As my kids were growing older I saw kids younger and younger get phones with no parental oversight. I had a genuine fear, as a person in tech, about how handheld smart tech could do to our children.

My kids are 16 and 18. We never babysat them with phones. For TV we had all Pixar movies, and any calm british kid shows that you’d never find on hyperactive tv like Nickelodeon. We let them be bored, though. Not a lot of tv and stuff. There’s health in the quiet moments. You learn how the world works by watching it.

We’ve always had a shared household laptop for minecraft and whatnot. Taught them what code is with the coding games and arduino stuff for kids. When we started doing trips, I wanted to see the world through their eyes by the photos they took and to be able to reach them in emergencies. So, I got them iPhones.

At that point they were 10 and 12. I set them up in full lockdown. On an iCloud account that I controlled, Screen Time locking out installs and everything. Only things on the phone were useful stuff. Phone, Text, Camera, FindMy. Raw usefulness and zero entertainment or connectivity.

I communicated that other kids were getting fed shit by these apps, and that the apps were intelligently designed to wire their brains wrong. I asked them to trust me and that sometimes it would suck because other kids would have apps and conversations that they wouldn’t get to be part of, but the reason is for long term benefit.

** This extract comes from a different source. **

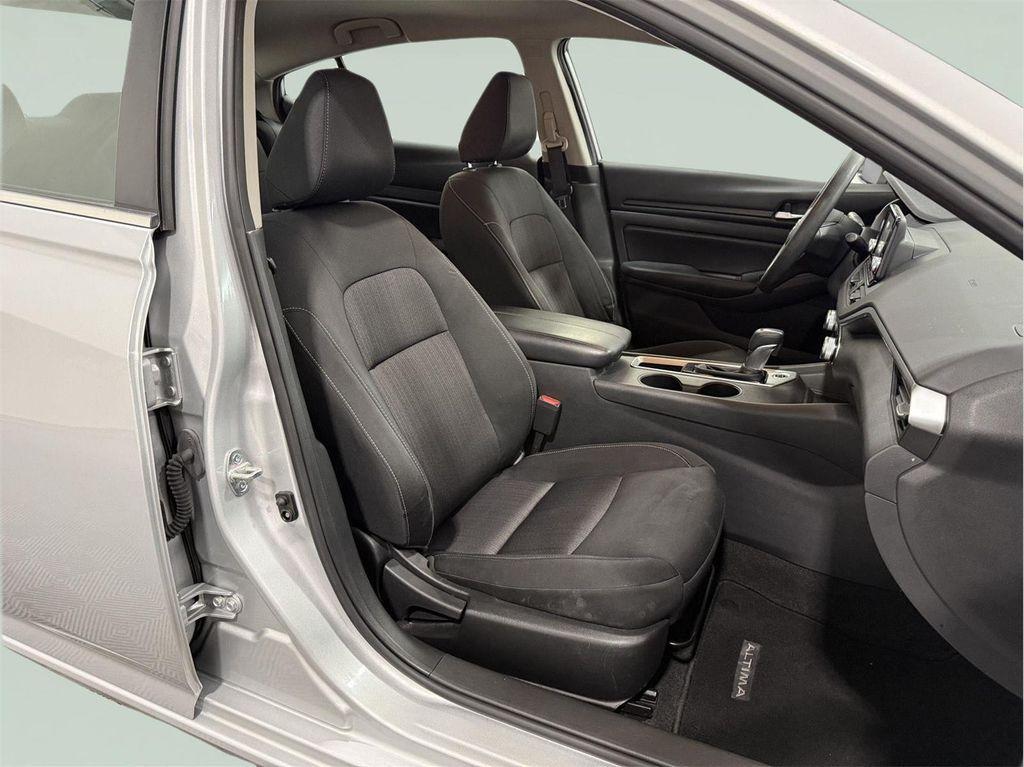 used 2022 Nissan Altima car, priced at $18,300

I told them they’ll have a long life of using technology. First we learn how to use the world, have real life friends, know ourselves and know where technology fits best for us. Then we can put the tech we choose in our pockets where we can keep tabs on the habits that it wants to give us.

In the quiet times they never reached for their phones. They never felt like they needed their phone with them unless we were on the go and would need to communicate for some reason.

The unlock PIN on both of their phones was the same. Everyone in the house knew them. I told them, “never text anything that you don’t want others to find out or to read back to you when you’re in trouble”. Hopefully this helps keep them out of court in the future. Texted words can be the worst kind of boomerangs.

At age17, I left Screen Time on for measurement and joint review to help teach self management, but I let apps be added that didn’t appear to be actual security threats and didn’t have a legitimate reason for veto. At 18, the phone is his, the passwords are his and he does what he wants.

I can vouch that this has worked as far as I can tell. These two kids are very well adjusted, have real relationships, have comfort in talking with people in person, and understand that we should use tech, not the other way around. I just followed my gut. Fingers crossed that it laid a good foundation.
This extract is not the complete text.